**Problem requirements**.
Reproduce verbatim the lines of the material below, starting at the line with "Naklejka na ściany" and ending at the line with "Barstuhl Clea-Flex Webstoff", both inclusive; skip the rest.

**Information**.
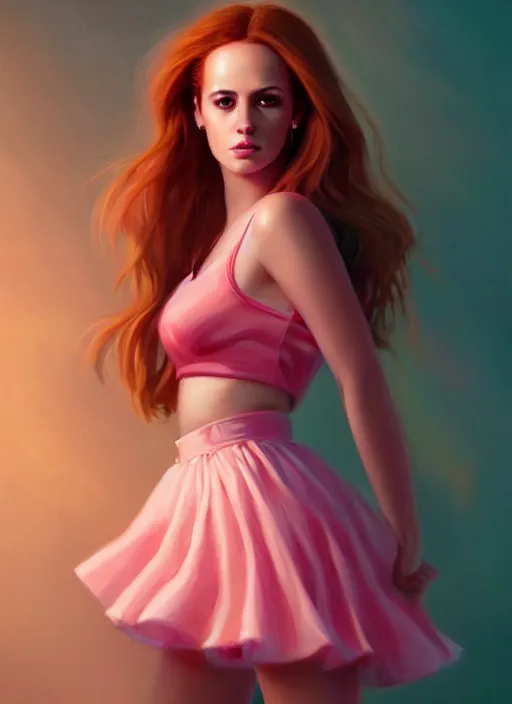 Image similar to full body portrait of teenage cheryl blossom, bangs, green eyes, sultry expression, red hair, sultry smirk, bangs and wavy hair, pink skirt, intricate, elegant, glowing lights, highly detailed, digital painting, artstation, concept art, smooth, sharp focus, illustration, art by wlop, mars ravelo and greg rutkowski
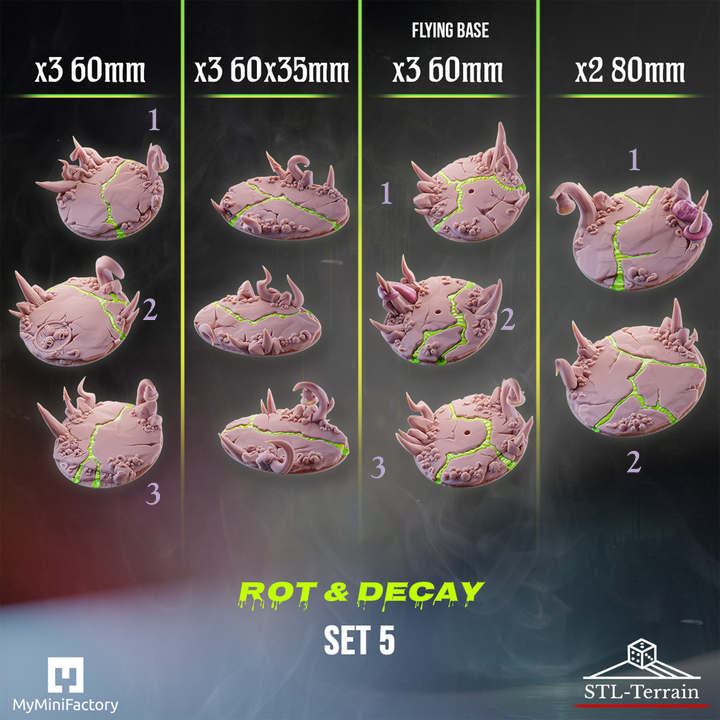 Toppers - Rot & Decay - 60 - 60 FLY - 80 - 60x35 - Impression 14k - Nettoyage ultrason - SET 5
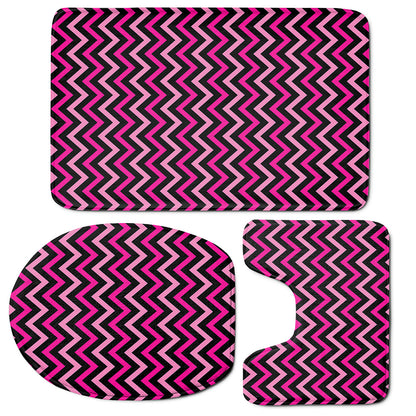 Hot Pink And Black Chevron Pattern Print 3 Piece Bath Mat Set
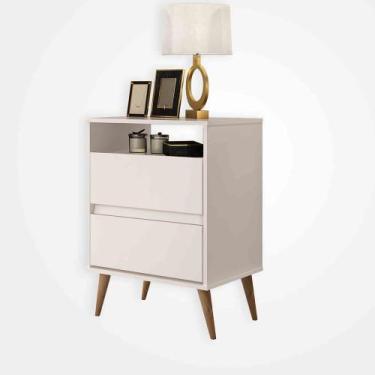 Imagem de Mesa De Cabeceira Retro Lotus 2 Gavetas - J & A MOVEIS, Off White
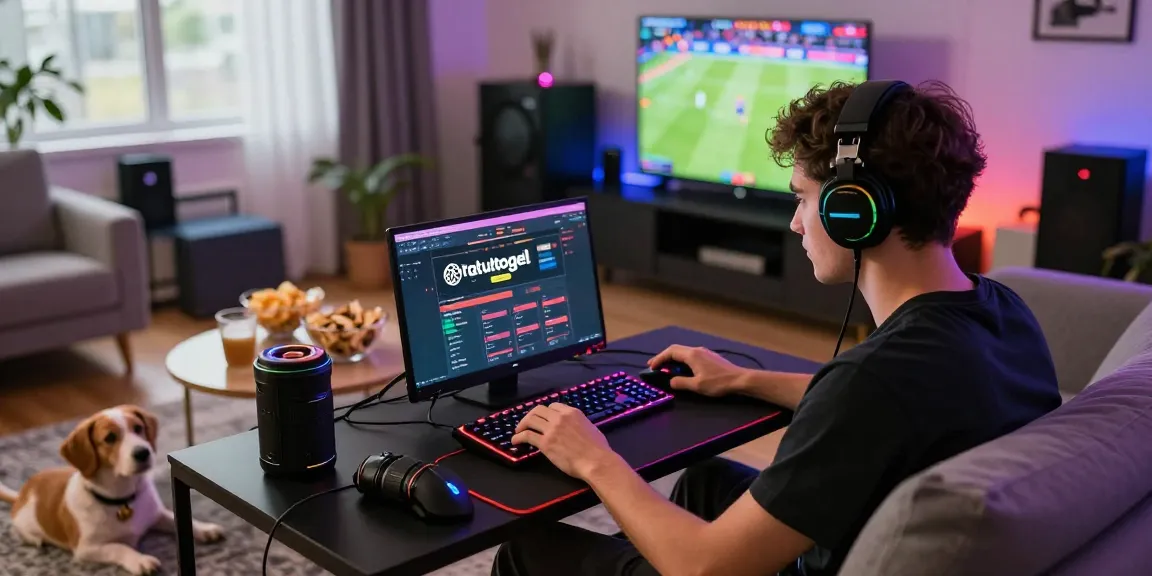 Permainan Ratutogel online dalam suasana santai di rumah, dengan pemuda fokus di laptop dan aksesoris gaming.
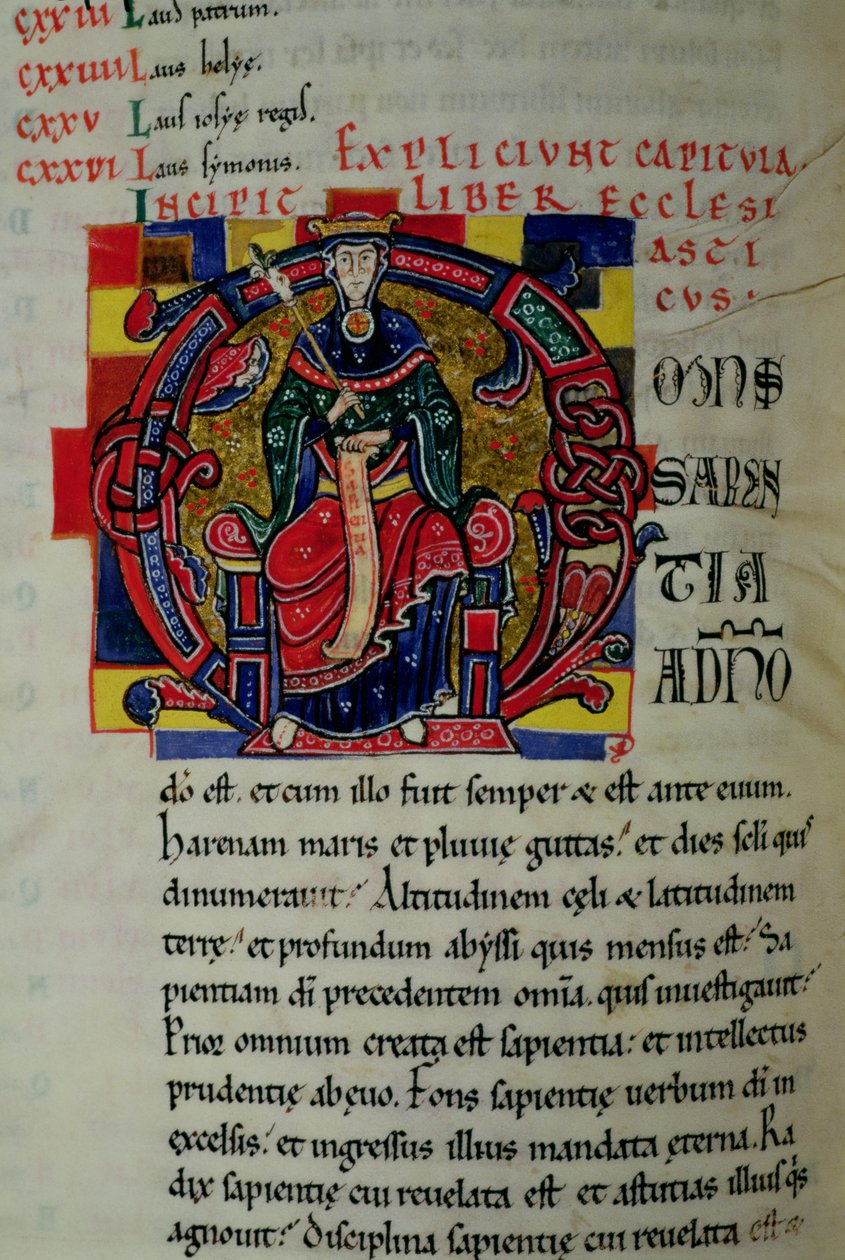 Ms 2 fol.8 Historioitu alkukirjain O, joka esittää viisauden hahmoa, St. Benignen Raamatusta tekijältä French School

---

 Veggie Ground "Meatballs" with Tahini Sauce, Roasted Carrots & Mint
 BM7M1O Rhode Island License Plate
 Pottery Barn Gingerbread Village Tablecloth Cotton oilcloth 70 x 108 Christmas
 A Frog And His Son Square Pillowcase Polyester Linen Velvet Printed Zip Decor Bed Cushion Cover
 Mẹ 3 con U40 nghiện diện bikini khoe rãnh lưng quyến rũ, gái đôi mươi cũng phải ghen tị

--

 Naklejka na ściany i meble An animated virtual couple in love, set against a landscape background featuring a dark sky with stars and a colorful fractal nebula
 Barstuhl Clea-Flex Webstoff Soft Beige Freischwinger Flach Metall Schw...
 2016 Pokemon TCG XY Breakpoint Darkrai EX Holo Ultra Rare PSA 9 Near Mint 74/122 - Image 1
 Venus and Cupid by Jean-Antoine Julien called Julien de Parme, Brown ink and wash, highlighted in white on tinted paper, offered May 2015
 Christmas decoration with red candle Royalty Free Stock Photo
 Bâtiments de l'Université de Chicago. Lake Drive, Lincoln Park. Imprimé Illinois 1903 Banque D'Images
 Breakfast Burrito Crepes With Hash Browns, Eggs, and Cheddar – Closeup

**Answer box**.
 Naklejka na ściany i meble An animated virtual couple in love, set against a landscape background featuring a dark sky with stars and a colorful fractal nebula
 Barstuhl Clea-Flex Webstoff Soft Beige Freischwinger Flach Metall Schw...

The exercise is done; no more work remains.